Press down on the coil base to adhere it to the enclosure. Make sure to use a small amount of mounting tac or the coil will be too thick for the lid to close.

Mount transmitter PCB

 

Pass the transmitter PCB through the cutout and rest it on the standoffs on the opposite side of the enclosure. 

 

Use M3x6mm long screws to secure the transmitter PCB to the standoffs.

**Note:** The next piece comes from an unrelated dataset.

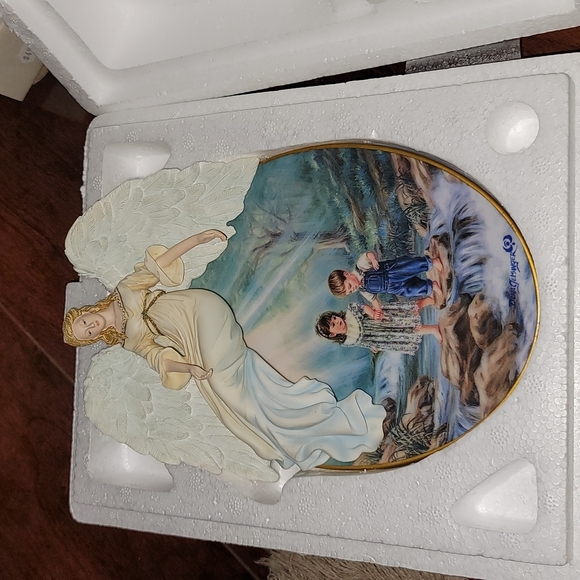 Guardian Angel Plate - Picture 4 of 8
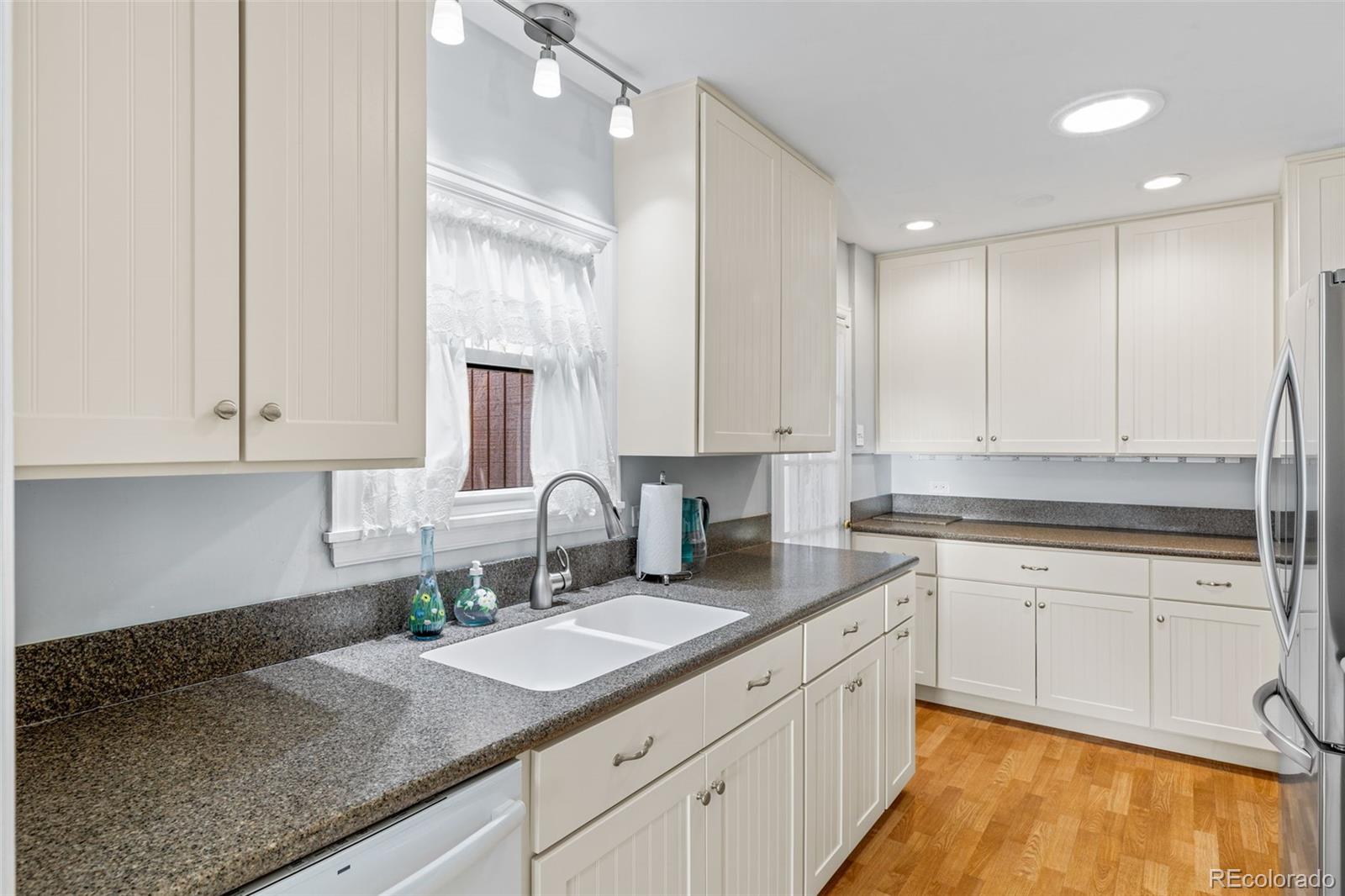 MLS Image #16 for 1273 s jackson street,denver, Colorado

Connect micro USB to Transmitter

 

Next we'll plug in the micro USB into the Transmitter PCB. Align the ports and use a tweezer to help guide the usb connections. 

Coil lid

 

Before we attach the battery, we'll first need to attach the lid to the side of the enclosure were the coil is mounted. 

 

Use four M2x5mm long screws  to secure the lid to the enclosure. 

 

If you are using the NinjaFlex lid part, first add the "lid support" and then the flexible lid over. The same screws will secure both lids.

Mount battery

 

Position the 6600mAh battery inside the cutout with the wires angled as shown in the picture. Use tweezers to help maneuver excess wire under the transmitter pcb.

 

Plug the battery into the JST port on the PowerBoost. You can use flat pliers to help align and plug the battery in.

 

Verify the circuit powers on and then add the lid over this side of the enclosure. 

Now we can flip on the slide switch and test the circuit! 

 

 

Align the coil to the middle of you Qi enabled device to begin charging!

 

Note the coil isn't centered in the middle of the enclosure, so you'll need to be aware of the coil position to align your device.